Estimating means, prevalences or totals from a complex survey as though they were generated from a simple random sample has the potential to generate biased estimates and for the stated precision of these estimates to differ from the variability that we would observe in them under repeated sampling. The multi-stage sampling and selection of household clusters must therefore be acknowledged and accommodated when estimating population parameters. This can be done by either specifying a full multi-level model (by using a generalised linear mixed model) or by using a set of “survey” commands, both of which are available in most standard statistical software packages (including Stata). The multi-level model approach allows us to account for all levels of the hierarchy (i.e., individuals nested within households, households nested within SA1s etc.) but does not allow the effect of the sample weights to be incorporated into the analysis at the level of the individual participant (only group level weights are allowed at least for the suite of mixed models procedures we considered in Stata, e.g., mixed, melogit, and meglm). This means the estimates generated from this procedure may be biased.

The survey commands (at least those implemented by Stata and other major programs) only allow proper accounting for clustering at the top level of the multi-stage sampling hierarchy. This distinction is relevant in Ten to Men because for major cities, SA1s sit at the top of the hierarchy, whereas for the inner and outer regional strata, the larger SA2s were the first unit to be sampled. However, these commands do allow sample weights to be specified in the analysis. Consequently there is not a single procedure implemented in the commonly used software platforms that can account for the multi-stage design of the survey (which affects the calculation of the variance estimates) and produce unbiased estimates of population parameters when using data from all three strata (which the weights are intended to address).

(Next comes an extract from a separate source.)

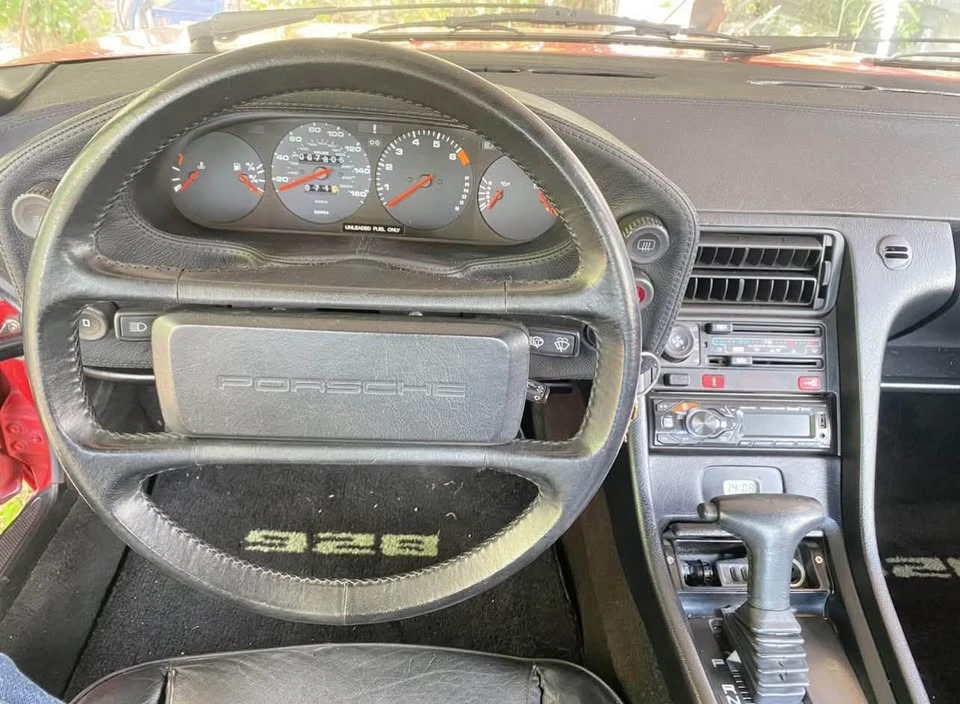 1985 Porsche 928 - Image 10 of 14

We now demonstrate four approaches that reflect different ways of dealing with these issues when estimating a population parameter. Table 1 shows the mean weight (in kilograms) and a 95 % confidence interval (CI) for the corresponding population parameter calculated with no adjustment for the survey design or the sample weights (row A), no adjustment for the survey design but using sample weights (row B), using multi-level modelling without adjustment for the weights (row C) and using survey commands that allow for different combinations of adjustment for the multi-stage design and stratification as well as inclusion of the weights (rows D to G). Rows D and E present results using the SA1 as the primary sampling unit (PSU, the top level of the sampling hierarchy) whereas rows F and G uses the SA2 as the PSU. Rows D and F present estimates that are adjusted for stratification but E and G do not. Different estimates of smoking prevalence using the same analytic methods are also provided in Table 1, with the exception that the result from a multi-level logistic regression is excluded because such models do not estimate a parameter that has a population-level interpretation [6] and are thus not directly comparable to the other estimates.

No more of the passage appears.